Avishai doesn’t just play music, he examines it from every angle, including delving into the roots of the art form.
“In the past few years, I have become increasingly involved in researching the history of jazz,” he says. “I have always been interested in that, but it has become much more important to me.”
Although Modern Times comprises original scores, Avishai often plays standards and numbers from the earliest days of jazz.
“I play ragtime material, and I feed off the genius of some of those early masters,” he says as he returns to the simplicity theme.
“I love the work of people like Duke [Ellington] and Count Basie. What they wrote and played may sound very complex but it is also very simple. That’s what I’m aiming to achieve.”
Taking his lead from the pioneers of jazz naturally takes Avishai back to the days of yore, and the earlier styles.
“There is a lot of swing in what I do,” says the pianist. “That is very important to me. I am getting more and more into what happened in jazz at the beginning of the twentieth century, and the end of the nineteenth century. I am very wrapped up with that. The older I get, the connection with the traditions of jazz becomes ever more important.”

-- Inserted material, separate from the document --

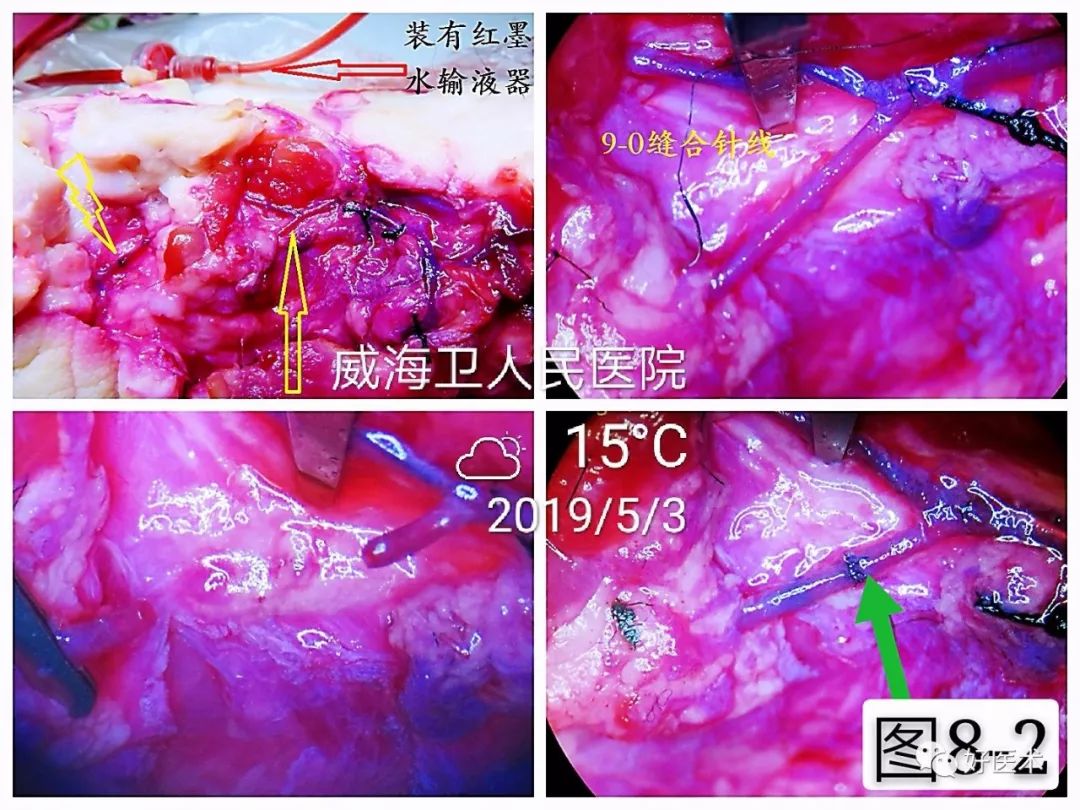 显微血管吻合技术要点详解，值得一看！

Avishai got part of that when he studied and played with late New York-born saxophonist and educator Arnie Lawrence.
“I think I got that from his energy, and from the fact that Arnie brought something beyond the music and what needs to be played. He gave me something from the experiential side of the music, and how to go about your business when you’re on the bandstand. Arnie gave me so much.”
Like all artists worth their salt, Avishai is basically a storyteller. “I am very interested in the roots of the music, also because of the stories behind those works,” he continues.
“It’s not just the music, there is the social aspect, the historical side and, yes, the story behind it all. All that is very important to me.”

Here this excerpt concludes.